══ Provided data ══

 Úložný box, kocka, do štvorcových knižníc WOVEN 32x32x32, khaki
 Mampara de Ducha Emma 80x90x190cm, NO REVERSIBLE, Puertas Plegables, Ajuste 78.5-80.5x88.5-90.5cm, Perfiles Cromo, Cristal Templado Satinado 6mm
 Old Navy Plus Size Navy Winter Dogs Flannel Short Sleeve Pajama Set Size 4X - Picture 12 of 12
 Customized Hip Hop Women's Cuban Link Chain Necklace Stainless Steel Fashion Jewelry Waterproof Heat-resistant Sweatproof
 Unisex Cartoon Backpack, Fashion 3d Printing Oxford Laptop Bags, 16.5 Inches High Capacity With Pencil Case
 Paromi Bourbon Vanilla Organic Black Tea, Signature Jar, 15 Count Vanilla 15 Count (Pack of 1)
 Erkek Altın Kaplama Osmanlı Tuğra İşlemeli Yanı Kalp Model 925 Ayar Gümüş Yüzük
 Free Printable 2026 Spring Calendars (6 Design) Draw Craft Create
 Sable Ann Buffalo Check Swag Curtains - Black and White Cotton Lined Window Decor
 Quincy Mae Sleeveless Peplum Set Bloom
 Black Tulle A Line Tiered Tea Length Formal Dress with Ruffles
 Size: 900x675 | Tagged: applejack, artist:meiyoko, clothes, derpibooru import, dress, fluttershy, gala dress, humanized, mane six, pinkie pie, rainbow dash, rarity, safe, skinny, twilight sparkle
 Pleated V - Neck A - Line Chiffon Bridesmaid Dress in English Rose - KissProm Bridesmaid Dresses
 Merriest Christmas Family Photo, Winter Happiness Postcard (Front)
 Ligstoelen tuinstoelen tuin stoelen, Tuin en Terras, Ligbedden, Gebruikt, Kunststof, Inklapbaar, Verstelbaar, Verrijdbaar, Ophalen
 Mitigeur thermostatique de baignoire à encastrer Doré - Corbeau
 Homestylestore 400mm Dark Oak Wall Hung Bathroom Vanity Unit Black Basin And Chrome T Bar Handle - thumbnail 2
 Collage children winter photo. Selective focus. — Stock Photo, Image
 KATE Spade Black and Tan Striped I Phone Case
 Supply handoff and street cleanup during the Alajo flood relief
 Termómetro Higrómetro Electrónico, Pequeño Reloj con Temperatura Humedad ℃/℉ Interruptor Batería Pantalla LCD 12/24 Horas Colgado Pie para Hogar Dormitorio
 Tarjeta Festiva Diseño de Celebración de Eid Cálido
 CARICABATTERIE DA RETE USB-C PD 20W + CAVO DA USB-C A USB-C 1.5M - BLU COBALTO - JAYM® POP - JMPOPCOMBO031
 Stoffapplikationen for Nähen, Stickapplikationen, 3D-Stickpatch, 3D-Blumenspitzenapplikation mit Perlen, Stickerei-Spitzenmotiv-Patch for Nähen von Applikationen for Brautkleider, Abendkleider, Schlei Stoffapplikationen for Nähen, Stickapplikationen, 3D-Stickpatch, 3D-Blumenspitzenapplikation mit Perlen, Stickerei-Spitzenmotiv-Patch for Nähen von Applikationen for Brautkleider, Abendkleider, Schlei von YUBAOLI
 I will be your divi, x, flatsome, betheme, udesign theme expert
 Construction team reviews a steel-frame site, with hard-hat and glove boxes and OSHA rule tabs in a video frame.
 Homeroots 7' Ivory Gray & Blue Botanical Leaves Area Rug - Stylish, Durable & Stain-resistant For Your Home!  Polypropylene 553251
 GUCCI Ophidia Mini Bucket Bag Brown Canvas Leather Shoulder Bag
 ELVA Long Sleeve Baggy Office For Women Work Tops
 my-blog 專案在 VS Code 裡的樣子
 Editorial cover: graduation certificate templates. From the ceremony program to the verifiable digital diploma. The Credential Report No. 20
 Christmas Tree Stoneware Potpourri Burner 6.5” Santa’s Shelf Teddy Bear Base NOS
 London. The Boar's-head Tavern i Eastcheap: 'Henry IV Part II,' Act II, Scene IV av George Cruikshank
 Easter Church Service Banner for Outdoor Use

═══

What the exercise asks:
The answer is the run of lines above from the line containing "Ligstoelen tuinstoelen tuin" through the line containing "my-blog 專案在 VS Code 裡的樣子", copied exactly and alone.

Exercise output:
 Ligstoelen tuinstoelen tuin stoelen, Tuin en Terras, Ligbedden, Gebruikt, Kunststof, Inklapbaar, Verstelbaar, Verrijdbaar, Ophalen
 Mitigeur thermostatique de baignoire à encastrer Doré - Corbeau
 Homestylestore 400mm Dark Oak Wall Hung Bathroom Vanity Unit Black Basin And Chrome T Bar Handle - thumbnail 2
 Collage children winter photo. Selective focus. — Stock Photo, Image
 KATE Spade Black and Tan Striped I Phone Case
 Supply handoff and street cleanup during the Alajo flood relief
 Termómetro Higrómetro Electrónico, Pequeño Reloj con Temperatura Humedad ℃/℉ Interruptor Batería Pantalla LCD 12/24 Horas Colgado Pie para Hogar Dormitorio
 Tarjeta Festiva Diseño de Celebración de Eid Cálido
 CARICABATTERIE DA RETE USB-C PD 20W + CAVO DA USB-C A USB-C 1.5M - BLU COBALTO - JAYM® POP - JMPOPCOMBO031
 Stoffapplikationen for Nähen, Stickapplikationen, 3D-Stickpatch, 3D-Blumenspitzenapplikation mit Perlen, Stickerei-Spitzenmotiv-Patch for Nähen von Applikationen for Brautkleider, Abendkleider, Schlei Stoffapplikationen for Nähen, Stickapplikationen, 3D-Stickpatch, 3D-Blumenspitzenapplikation mit Perlen, Stickerei-Spitzenmotiv-Patch for Nähen von Applikationen for Brautkleider, Abendkleider, Schlei von YUBAOLI
 I will be your divi, x, flatsome, betheme, udesign theme expert
 Construction team reviews a steel-frame site, with hard-hat and glove boxes and OSHA rule tabs in a video frame.
 Homeroots 7' Ivory Gray & Blue Botanical Leaves Area Rug - Stylish, Durable & Stain-resistant For Your Home!  Polypropylene 553251
 GUCCI Ophidia Mini Bucket Bag Brown Canvas Leather Shoulder Bag
 ELVA Long Sleeve Baggy Office For Women Work Tops
 my-blog 專案在 VS Code 裡的樣子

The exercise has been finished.